数値は現状を把握するためのツールでしかないにも関わらず、その範疇を超えてすぐに権力をもってしまう刃物のようなツールです。
刃物はすごく効率的に素材を捌き料理できるようになるが、使い方を誤れば自分も他人も傷つけてしまうこともある。数値も同じ。

ではどう使うのが正しいのか?

数値を目標かつ目的とすることではない。
OKRでいえばObjective
ティール組織で言えば存在目的

何のためにこの組織は存在しているのか?

という事が最も大切で、数値はそのために使うツールに過ぎません。
目的があって、そのための目標でしかない。それを忘れてはいけない。

人は、自分で立てた目標についてはモチベーション高く意欲的に取り組むことができる。しかし、他者から与えられた(強制された)目標についてはモチベーションがわかず、ただ目の前の作業をこなすだけになります。結果として生産性も落ちてしまう。

ここで1つ例を挙げます。
例えば、筋トレが趣味の人は、何kgを何回・何セットやると言うの嬉々としてやっています。より筋肉が辛いと感じる方法で。

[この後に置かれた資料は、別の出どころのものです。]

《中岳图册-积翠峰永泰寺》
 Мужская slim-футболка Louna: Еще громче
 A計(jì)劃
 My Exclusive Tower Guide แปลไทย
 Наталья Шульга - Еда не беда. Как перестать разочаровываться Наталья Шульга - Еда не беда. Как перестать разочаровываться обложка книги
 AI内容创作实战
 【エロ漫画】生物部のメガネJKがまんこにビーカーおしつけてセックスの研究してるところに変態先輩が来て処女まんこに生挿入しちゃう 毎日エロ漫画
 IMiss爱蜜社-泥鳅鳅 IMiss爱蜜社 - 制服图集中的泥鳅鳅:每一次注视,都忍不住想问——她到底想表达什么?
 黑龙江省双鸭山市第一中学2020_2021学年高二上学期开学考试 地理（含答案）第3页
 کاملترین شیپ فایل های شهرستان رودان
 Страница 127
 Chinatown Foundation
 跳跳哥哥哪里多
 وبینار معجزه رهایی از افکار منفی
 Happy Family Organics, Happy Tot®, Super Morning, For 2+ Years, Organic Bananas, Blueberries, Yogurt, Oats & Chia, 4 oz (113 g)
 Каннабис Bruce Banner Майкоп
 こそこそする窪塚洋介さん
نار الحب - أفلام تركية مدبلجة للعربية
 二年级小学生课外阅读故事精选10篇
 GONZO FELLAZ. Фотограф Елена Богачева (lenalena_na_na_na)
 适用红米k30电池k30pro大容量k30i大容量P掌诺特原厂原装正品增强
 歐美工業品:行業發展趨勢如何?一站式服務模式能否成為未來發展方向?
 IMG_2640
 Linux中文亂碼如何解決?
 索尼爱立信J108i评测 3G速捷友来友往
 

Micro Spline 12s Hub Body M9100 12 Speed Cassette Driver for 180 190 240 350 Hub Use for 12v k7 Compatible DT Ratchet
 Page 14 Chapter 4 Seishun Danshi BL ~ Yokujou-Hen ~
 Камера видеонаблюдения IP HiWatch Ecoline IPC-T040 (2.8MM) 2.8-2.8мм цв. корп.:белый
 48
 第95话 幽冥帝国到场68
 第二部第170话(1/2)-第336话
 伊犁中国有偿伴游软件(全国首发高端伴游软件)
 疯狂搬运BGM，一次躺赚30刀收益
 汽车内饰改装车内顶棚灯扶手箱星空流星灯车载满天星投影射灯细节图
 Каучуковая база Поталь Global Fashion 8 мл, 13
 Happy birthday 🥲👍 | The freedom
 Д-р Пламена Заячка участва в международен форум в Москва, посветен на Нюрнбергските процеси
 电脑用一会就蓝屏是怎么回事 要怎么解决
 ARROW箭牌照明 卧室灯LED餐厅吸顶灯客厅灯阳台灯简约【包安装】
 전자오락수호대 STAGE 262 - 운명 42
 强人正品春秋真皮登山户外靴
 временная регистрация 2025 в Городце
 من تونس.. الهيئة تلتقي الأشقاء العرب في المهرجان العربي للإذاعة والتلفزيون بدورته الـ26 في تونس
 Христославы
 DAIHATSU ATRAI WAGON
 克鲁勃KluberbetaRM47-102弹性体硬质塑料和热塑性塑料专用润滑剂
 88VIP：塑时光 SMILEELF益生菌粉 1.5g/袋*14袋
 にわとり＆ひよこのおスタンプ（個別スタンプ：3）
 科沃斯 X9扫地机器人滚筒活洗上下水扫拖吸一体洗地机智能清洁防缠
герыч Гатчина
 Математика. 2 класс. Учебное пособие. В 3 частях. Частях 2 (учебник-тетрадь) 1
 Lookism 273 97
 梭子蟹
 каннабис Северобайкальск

他方、部活などで強制的にノルマを決められ、それを黙々とこなす場合は早く終わりたい。しんどい。となってしまう。この時はノルマを1回でも早く、そして楽に終わらせようとします。

パワフルな筋肉を作りたい、美しい筋肉を作りたいと言う目的がある方が結果もモチベーションも雲泥の差が出ます。


そして、うちはメンバーからボトムアップで数値が上がってくる仕組みになってるよという方、
意図した数値目標を上げてくるように誘導していませんか?
メンバーが納得する事なく、さもメンバーが自ら目標を掲げたように誘導(無言の圧も含む)もしくは忖度させ、お前が立てた目標だろうと詰める。
これをやるくらいならまだ最初からトップダウンのノルマを与えた方がマシです。いずれにせよ幸せにならない方法ですが。

数値は使うもの、数値に使われるな。
数値はすぐに人を支配しようとします。

これを常に意識した上で数値をご活用ください。

素晴らしい効果が期待できるはずです。